With pictures left out, return only the lines from the line containing "Vestido de Huasa Rojo Flores" through the end of the material below, both included.

:::::

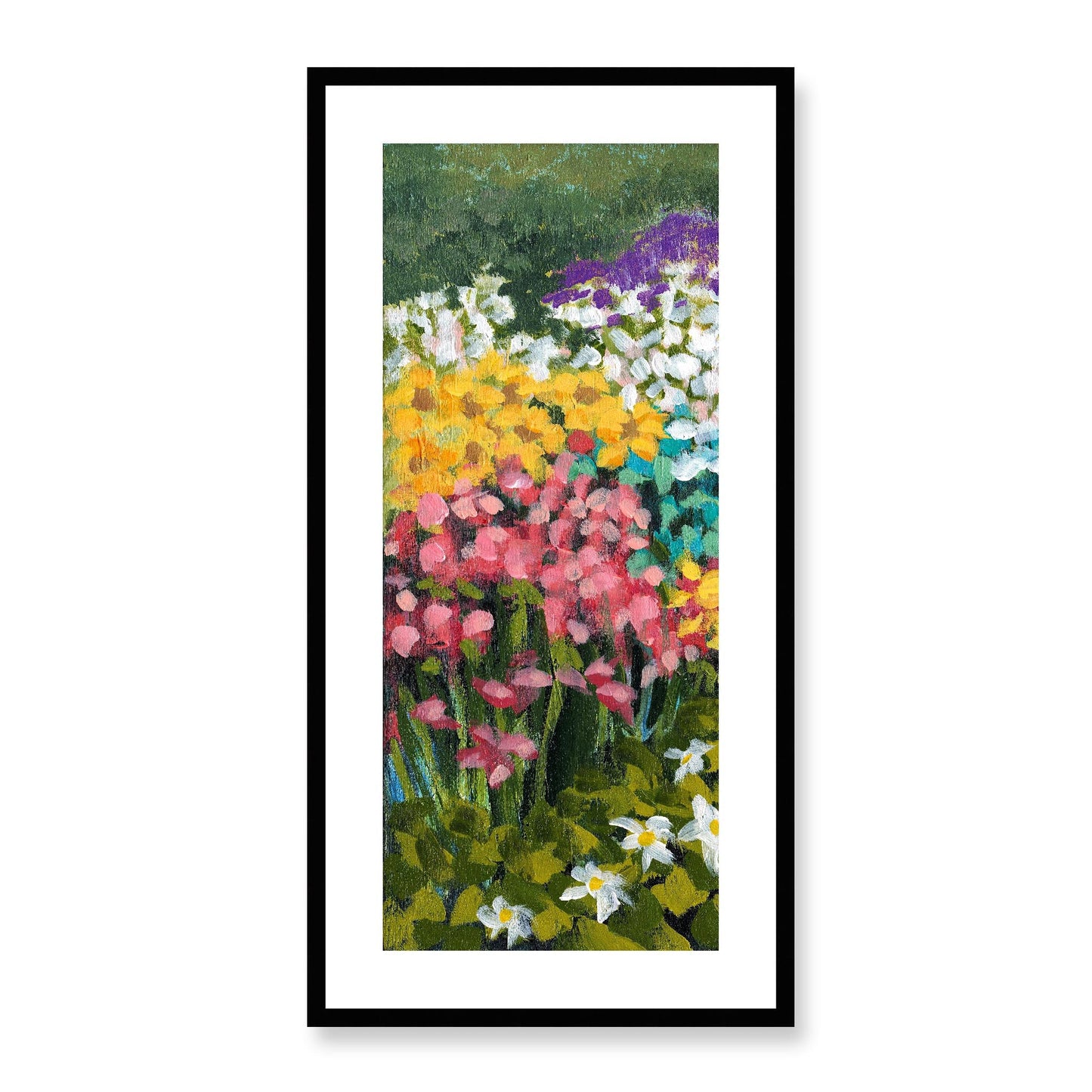 Framed Fine Art Print, White Mat - 16x33 inches | Floral Garden, FP3-1000-1147-L, Prints, Fine art, Black Frame, 41 x 84 cm ,16 x 33 inches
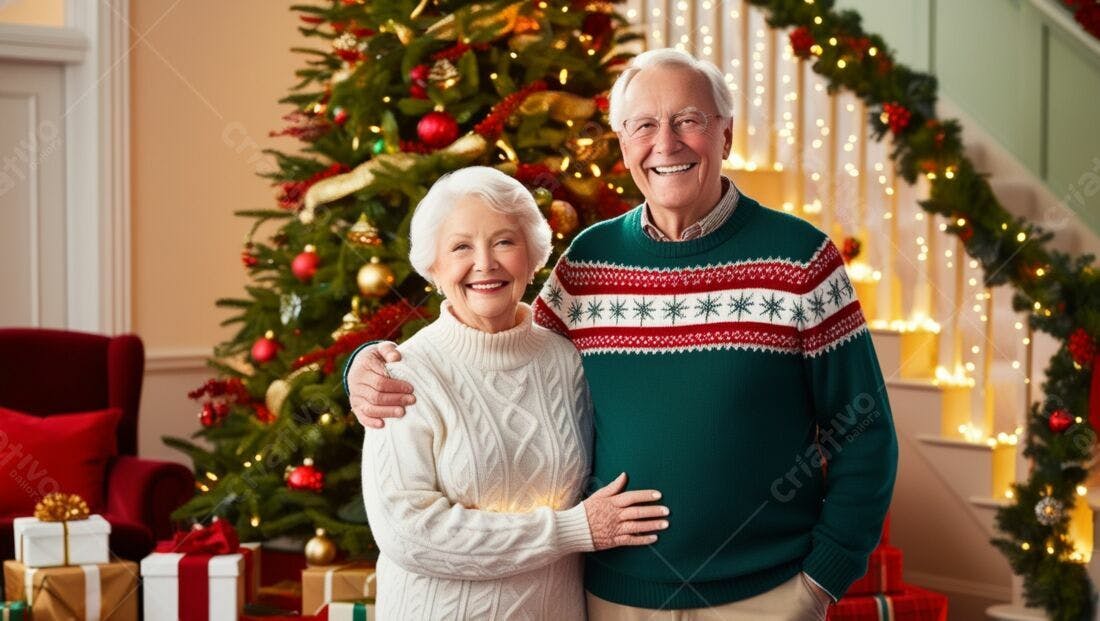 Casal Sênior Feliz Natal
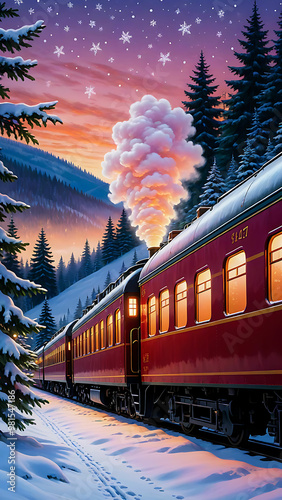 Magical Winter Wonderland with a Christmas Train Through a Snowy Forest, Decorated Pine Trees, Glowing Lights, and Billowing Smoke – Vintage Style Illustration of a Nostalgic Holiday Adventure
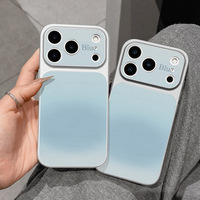 Coque de téléphone portable en cuir bleu dégradé tendance, coque arrière blanche Corning pour iPhone 16 12 15 18 17 Air Pro Max
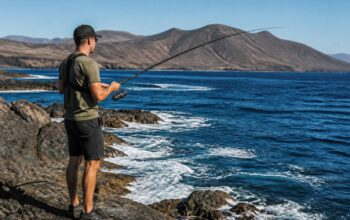 Sportvisser aan de rotskust van Lanzarote met hengel en helder zeewater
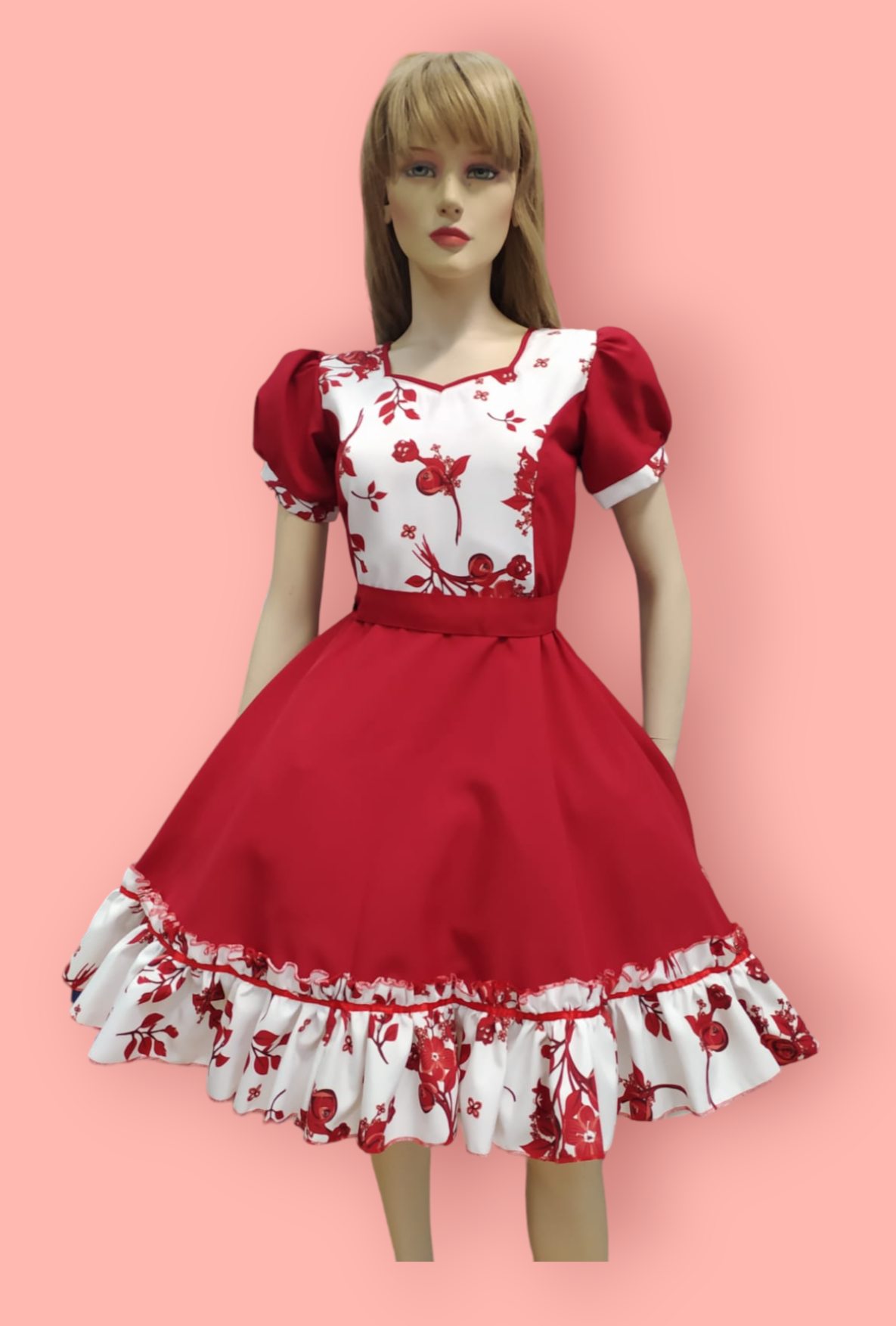 Vestido de Huasa Rojo Flores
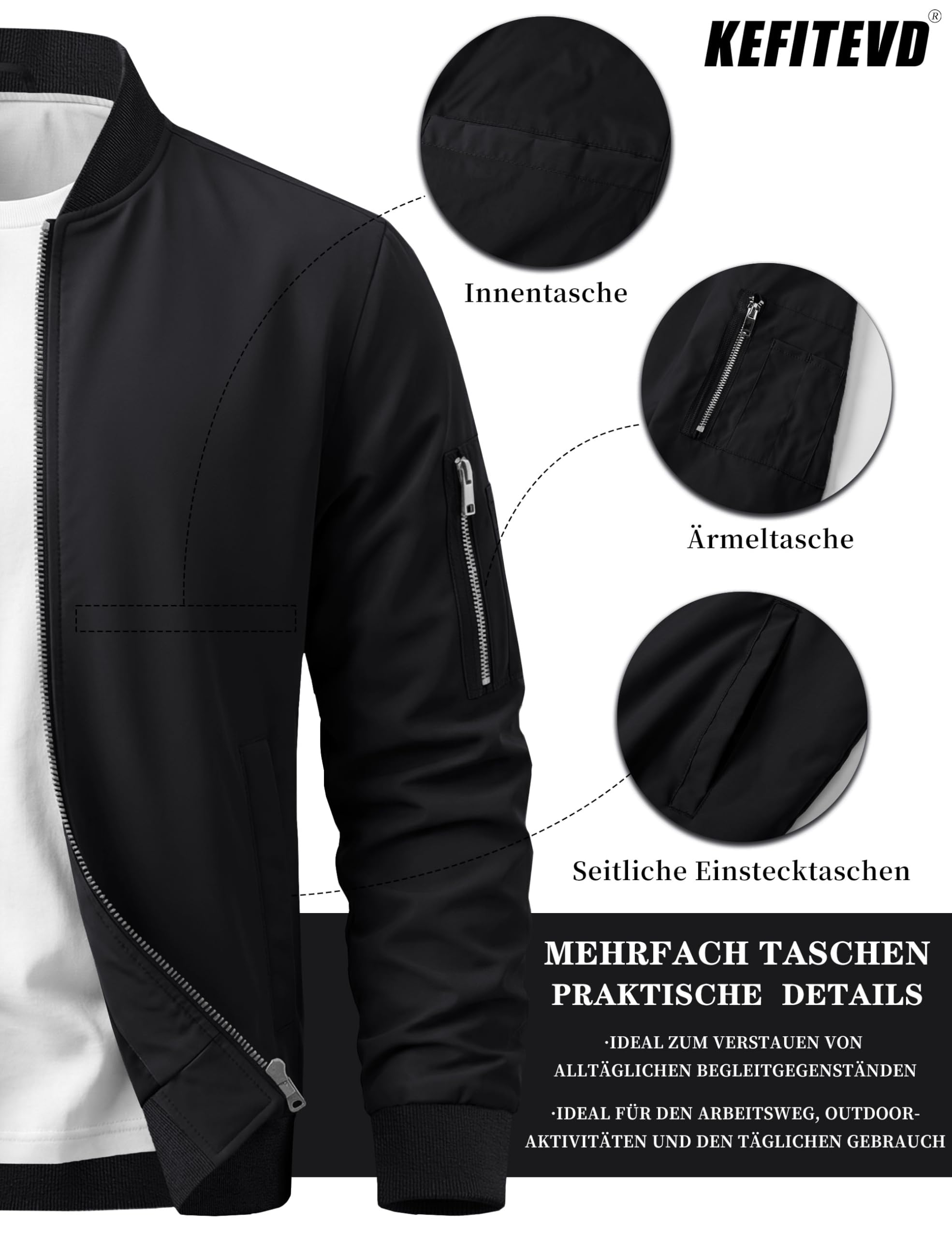 KEFITEVD Herren Leichte Dünne Bomberjacke mit Ärmeltasche Blouson Jacke Übergangsjacke Stehkragen US Fliegerjacke mit Innentasche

:::::

# RESULT OF THIS TASK
 Vestido de Huasa Rojo Flores
 KEFITEVD Herren Leichte Dünne Bomberjacke mit Ärmeltasche Blouson Jacke Übergangsjacke Stehkragen US Fliegerjacke mit Innentasche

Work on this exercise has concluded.